But Market traders have told Peterborough Matters, although they are happy with the location, they are not “entirely sure the current design of the units work for them”. 

The plans detaul 12 new external market stalls on Bridge Street, grouped into four gondolas to 'mimic the rhythm of the existing tree canopies above'. Each individual stall is 3x3m in area, and provides a self-contained lockable unit which can adapt to accommodate a variety of market traders.  

The plans also suggest, the retail lock-up stalls will have weatherproofing for retailers and customers and also come with adjustable counters to all open stalls and plenty of built-in reconfigurable storage options.  

Apart from this, the application also suggests provision will also be made for 12 temporary pop-up stalls. Along with this, and vacant retail units on Bridge Street could accommodate fishmongers and the market butchers.  

This planning statement has been prepared on behalf of Peterborough City Council by NPS Peterborough and Group Ginger. 

In a supporting statement they said: “The current market is currently outdated and requires significant investment, but it is also located on the outskirts of the City Centre with reduced footfall following the change of use of surrounding properties and reduced car parking.  

“This proposal will complement 33-37 Bridge Street which is proposed to be occupied by the Food Hall occupiers of the current market including butchers, fishmongers and greengrocers. With the external gondolas, a new, modern and positive market environment can be created which is accessible to all. 

Foodhall could possibly relocate to these units on Bridge Street

But market traders have told Peterborough Matters that though they are happy with the location, the current unit design does not work for them - and they do not feel listened to. 

Phil Woodland of Woodland Butchers said: “We have been asked to leave by March 31. We will move into the foodhall by then subject to its availability. 

“But we don't know what the rent and rates for the year is going to be. They said ‘high street’ rates but we are not high street retailers, we are market traders.

“We don't know who's paying for the moving costs and what timescales are we looking at.

“Mr Fitzgerald and other leaders said 'we will keep you in the loop' – and we have had nothing. They keep passing it on to others. 

“The designs look alright but the reality is we are going to be a big counter down – which is not going to work. The fishmonger should have been given the second biggest counter but he has a little counter. He doesn’t have enough room with his seven staff, keeping in mind the health and safety but he wasn’t taken into consideration. 

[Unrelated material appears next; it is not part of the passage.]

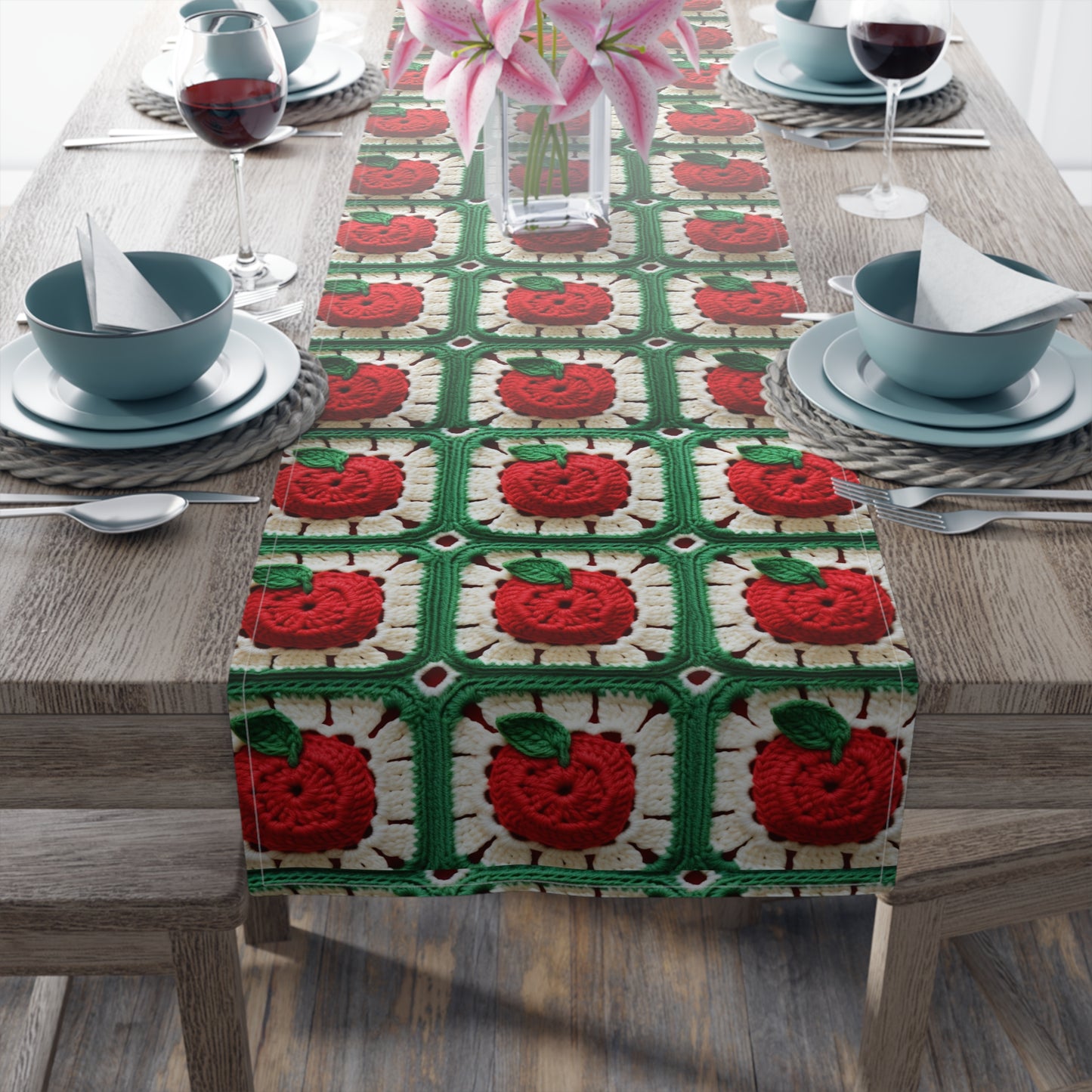 Apple Granny Square Crochet Pattern: Wild Fruit Tree, Delicious Red Design - Table Runner (Cotton, Poly)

“They don’t want to help us out. So we are not happy with the units. “ 

Steve Wetherill, who runs a food and vegetable stall outside the market, echoed similar concerns: “It’s not about what you say but who you say it to, they are not listening. You can’t run an outdoor market store safely, securely and make profit and pay rent with those sorts of buildings. 

“It’s not just us – we are the ones speaking out but others are not in favour of these units either. It’s a disgrace really."

Steve said that he recently became so angry during a meeting with architects that he was nearly ejected: “The gondolas when folded take 25% of space when they are closed. That’s a waste of space for me, yet I pay full rent. 

“I am not sure these units are safe, secure and sturdy enough. I have told them I want to stand behind the counter, not stand outside with my till. It’s winding me up that they just don’t want to take our needs on board. 

“It feels like they they want us to fail, so they can get rid of the market and not spend any money.

"In June we were told they we will have a great future - nothing. This clearly is a rush job - they have now told the company to get it done as quickly as they can and as cheaply as they can. And if we can’t survive, these sheds will be taken down and it's gone. That’s their attitude.” 

Zafar Rahi who owns Coffee To Go said: “The shop is very small; they will not be enough space for all my stuff - I have quite a lot of expensive equipment so who is going to take responsibility? They say there is CCTV in the area, but who is going to take the chance?  

“I have been working here 18 years but in the last five years, business has gone down big time and we needed something to boost our business. I am happy with the new location but not the size and design of the unit.”